TO DO -> Starting at the line that contains "bakugan target australia", write out every line through the last one in the records below, word for word. Leave out any pictures.

=== DATA SUPPLIED ===

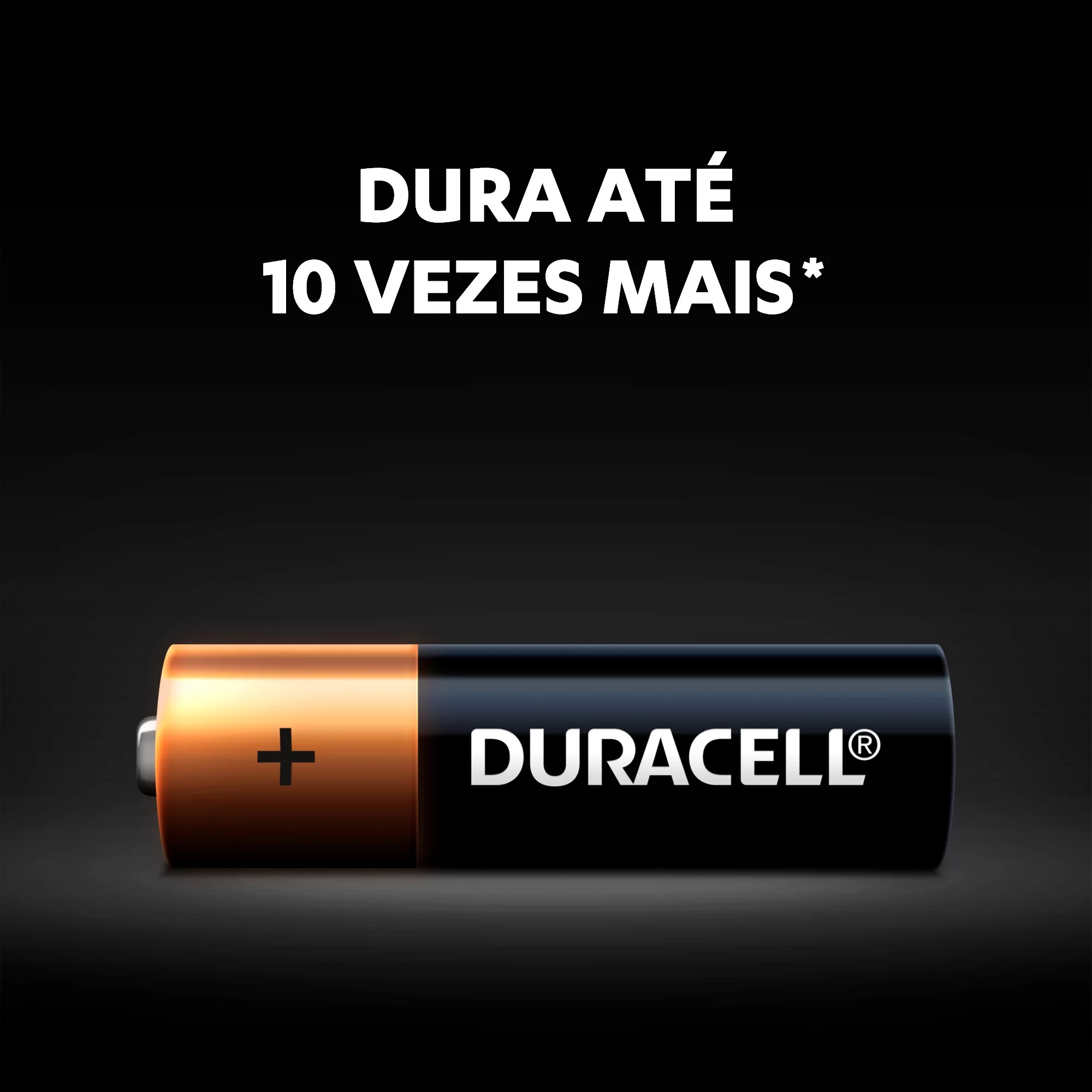 24 Pilhas AA Duracell Alcalina 6 Cartelas C/4 Atacado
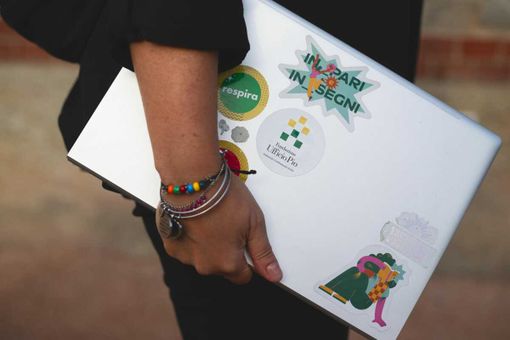 Torna "In Pari", il volontariato digitale che fa crescere studenti e tutor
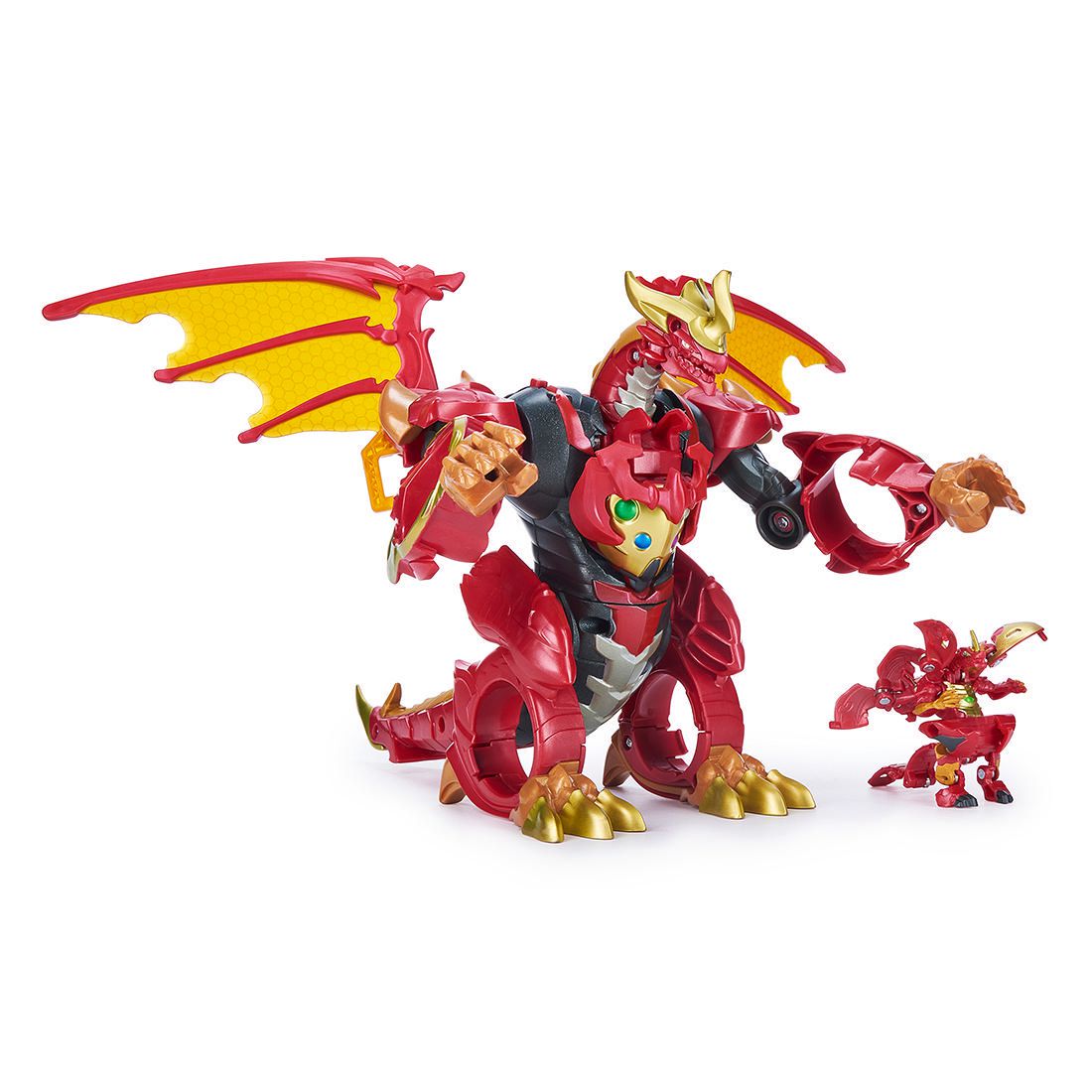bakugan target australia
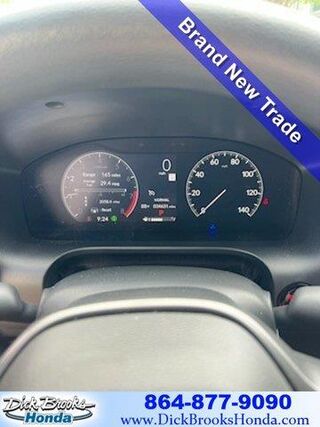 2024 Honda HR-V LX — photo 1 of 13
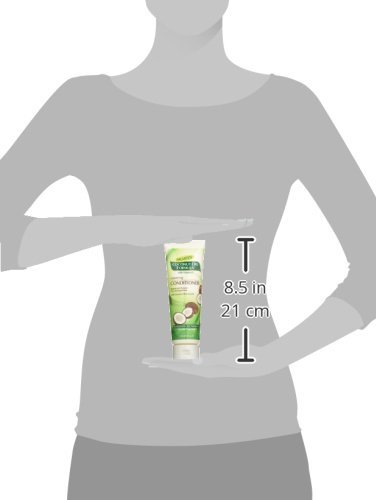 Palmer's Coconut Oil Formula Repairing Conditioner, 8.5 Ounces (Pack Of 2) #TOP1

===

YOUR RESPONSE ->
bakugan target australia
 2024 Honda HR-V LX — photo 1 of 13
 Palmer's Coconut Oil Formula Repairing Conditioner, 8.5 Ounces (Pack Of 2) #TOP1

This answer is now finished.